• **Task description**
Please copy exactly the line containing "클라우디움 도입 형태" and every line after it, through the last line of the records below, leaving out all pictures.

=== Begin Enclosure ===

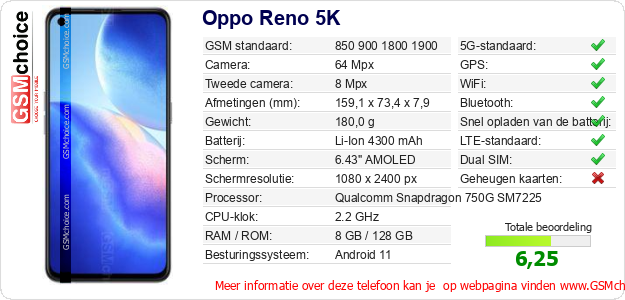 Oppo Reno 5K Technische gegevens 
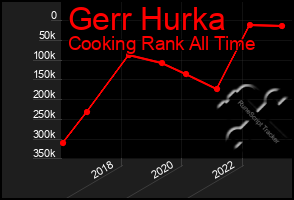 Total Graph of Gerr Hurka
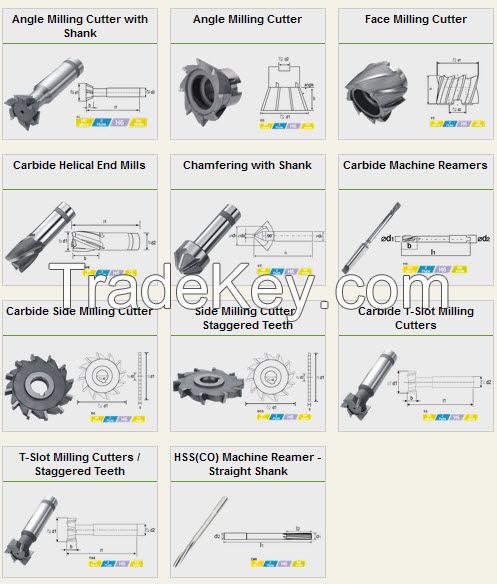 Welding/Blazed Carbide Cutter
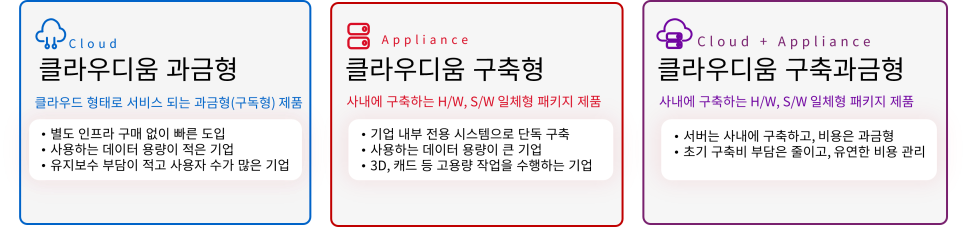 클라우디움 도입 형태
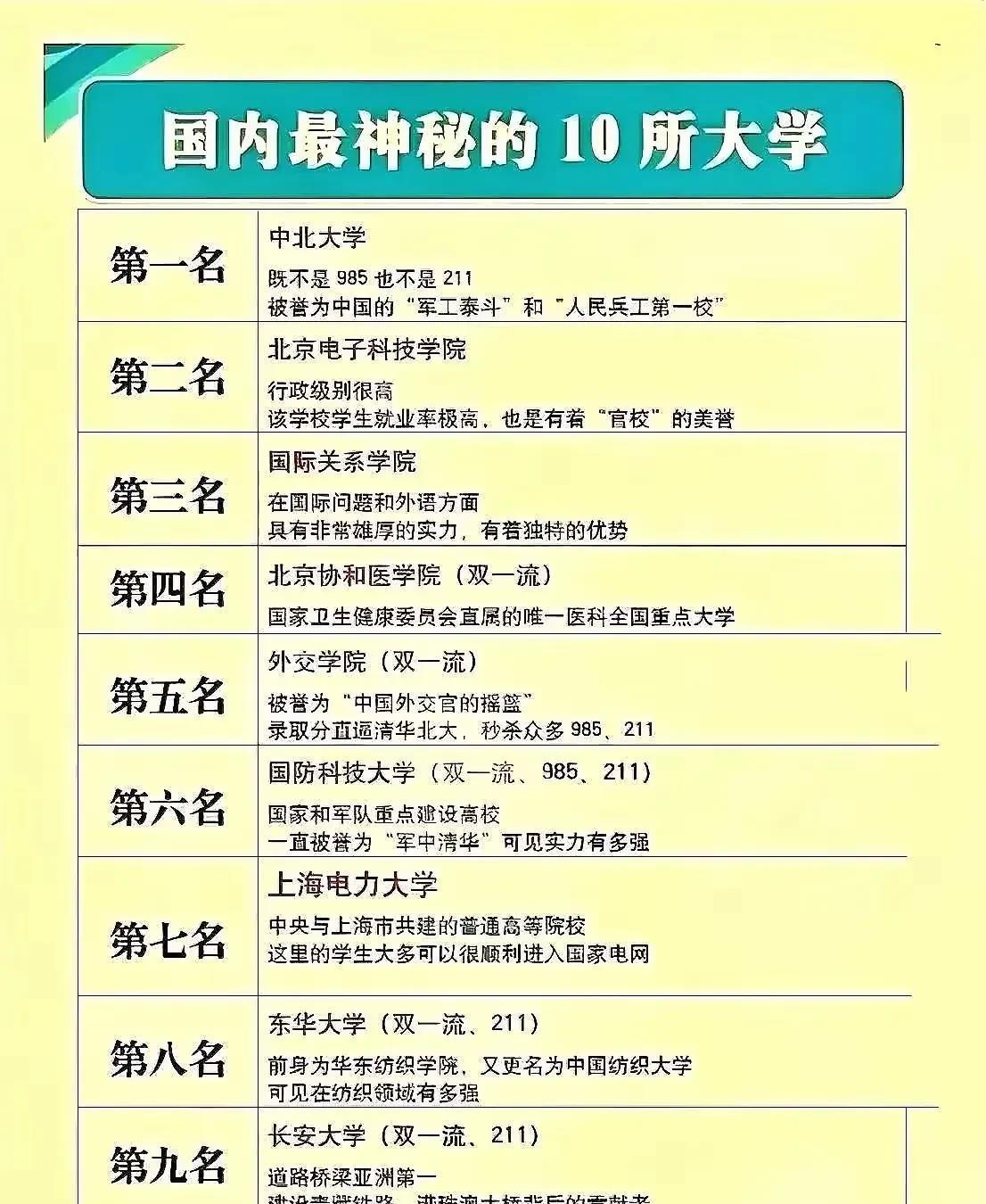 国内最神秘的十所大学：第一名，中北大学。第二名，北京电子科技学院。第三名，国际关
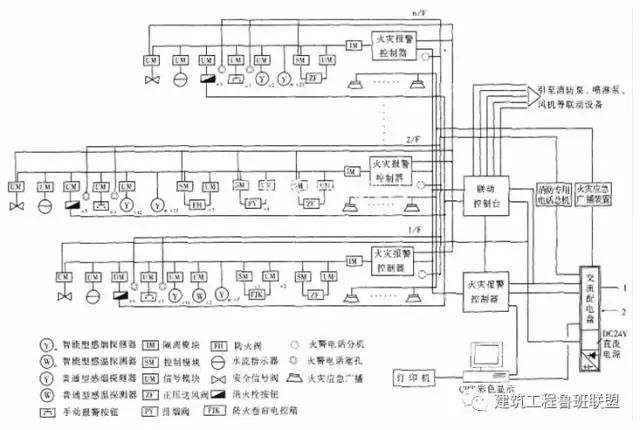 消防工程所需资料,消防工程主要施工设备表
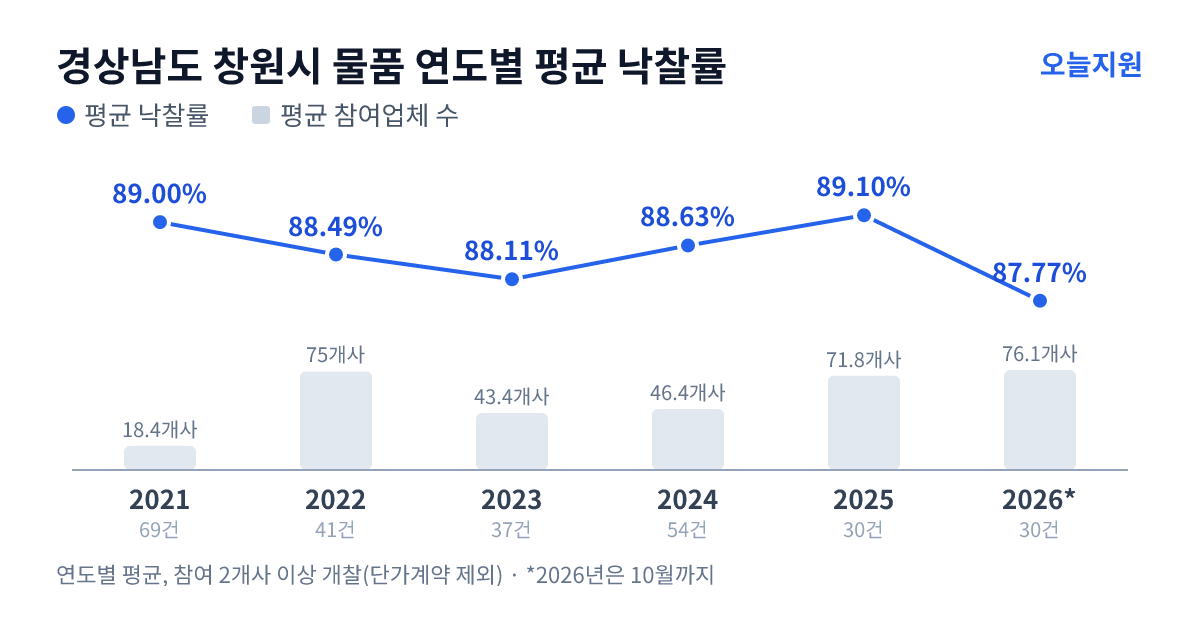 경상남도 창원시 물품 연도별 평균 낙찰률과 평균 참여업체 수 — 2021년 89.00%·18개사, 2022년 88.49%·75개사, 2023년 88.11%·43개사, 2024년 88.63%·46개사, 2025년 89.10%·72개사, 2026년 87.77%·76개사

=== End Enclosure ===

• **Worked solution**
 클라우디움 도입 형태
 国内最神秘的十所大学：第一名，中北大学。第二名，北京电子科技学院。第三名，国际关
 消防工程所需资料,消防工程主要施工设备表
 경상남도 창원시 물품 연도별 평균 낙찰률과 평균 참여업체 수 — 2021년 89.00%·18개사, 2022년 88.49%·75개사, 2023년 88.11%·43개사, 2024년 88.63%·46개사, 2025년 89.10%·72개사, 2026년 87.77%·76개사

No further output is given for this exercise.